而AUTO時,即使某一個column它的資料分佈不均,但只要這個column的workload很低,或者說沒有workload,那麼Oracle就不會收集這個column的histogram。

 

為什麼我會突然想起討論這個問題呢?

因為今天在tunning一個走full table scan的SQL的時候,這個SQL本可以走一個不錯的index,但由於這個index上的第一列資料分佈很不均,導致了CBO計算出來的走full table scan的cost小於走這個index的cost(這是透過10053 trace出來的。)。於是我在好幾個有同樣這個SQL的databases上用dbms_stats.gather_table_stats(method_opt=>for columns size auto )收集這個column的histogram。

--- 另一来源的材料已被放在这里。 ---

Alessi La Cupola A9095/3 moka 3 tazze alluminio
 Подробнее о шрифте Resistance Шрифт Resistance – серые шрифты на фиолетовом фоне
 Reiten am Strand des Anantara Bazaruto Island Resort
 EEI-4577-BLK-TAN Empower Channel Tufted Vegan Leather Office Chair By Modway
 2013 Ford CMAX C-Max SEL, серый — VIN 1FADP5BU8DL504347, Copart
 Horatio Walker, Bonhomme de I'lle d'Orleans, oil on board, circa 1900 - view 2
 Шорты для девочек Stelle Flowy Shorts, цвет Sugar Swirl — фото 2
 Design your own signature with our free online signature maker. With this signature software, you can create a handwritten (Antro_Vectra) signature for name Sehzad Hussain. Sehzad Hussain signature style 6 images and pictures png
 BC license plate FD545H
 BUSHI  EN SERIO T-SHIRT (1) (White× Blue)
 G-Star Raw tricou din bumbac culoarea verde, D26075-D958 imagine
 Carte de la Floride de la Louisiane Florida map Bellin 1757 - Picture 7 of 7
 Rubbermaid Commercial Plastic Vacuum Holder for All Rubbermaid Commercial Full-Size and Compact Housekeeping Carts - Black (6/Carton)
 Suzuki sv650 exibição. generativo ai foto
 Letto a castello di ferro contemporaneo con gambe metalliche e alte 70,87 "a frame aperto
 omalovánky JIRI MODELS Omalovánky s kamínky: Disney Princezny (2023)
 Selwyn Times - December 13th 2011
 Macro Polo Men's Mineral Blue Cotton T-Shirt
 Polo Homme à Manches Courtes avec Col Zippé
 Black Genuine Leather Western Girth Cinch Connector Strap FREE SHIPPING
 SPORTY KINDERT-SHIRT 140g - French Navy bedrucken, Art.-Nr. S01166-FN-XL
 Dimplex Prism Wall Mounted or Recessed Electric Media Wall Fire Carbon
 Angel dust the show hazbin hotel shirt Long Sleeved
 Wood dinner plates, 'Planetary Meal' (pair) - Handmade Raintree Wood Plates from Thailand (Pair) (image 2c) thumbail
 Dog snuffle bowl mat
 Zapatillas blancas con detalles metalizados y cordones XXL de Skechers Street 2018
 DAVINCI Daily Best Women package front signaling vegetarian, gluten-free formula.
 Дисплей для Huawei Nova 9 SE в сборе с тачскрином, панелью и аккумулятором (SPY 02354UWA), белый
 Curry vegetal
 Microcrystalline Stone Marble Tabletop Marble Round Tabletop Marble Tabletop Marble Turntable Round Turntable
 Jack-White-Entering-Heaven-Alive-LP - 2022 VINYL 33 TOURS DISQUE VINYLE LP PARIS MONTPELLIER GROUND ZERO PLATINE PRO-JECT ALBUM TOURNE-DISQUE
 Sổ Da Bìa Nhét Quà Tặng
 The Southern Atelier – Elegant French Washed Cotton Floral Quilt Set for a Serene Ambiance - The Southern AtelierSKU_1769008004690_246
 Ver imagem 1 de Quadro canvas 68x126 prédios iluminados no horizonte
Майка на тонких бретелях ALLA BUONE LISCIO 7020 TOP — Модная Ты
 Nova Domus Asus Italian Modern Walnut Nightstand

但是奇怪的是,在某幾個用RBO(optimizer_mode=rule)的databases上,透過這樣收集統計資訊後並沒有在那一列上生成histogram。

後來,我就用了method_opt=>for columns size skewonly 進行收集,結果就成功生成histogram。

於是就產生了我在本文開頭的論述和疑問。

 

這兩種收集資訊的方式到底有什麼不同呢?

於是我在測試壞境中進行了10046 trace event,針對這AUTO和SKEWONLY這兩種收集統計資訊的方式。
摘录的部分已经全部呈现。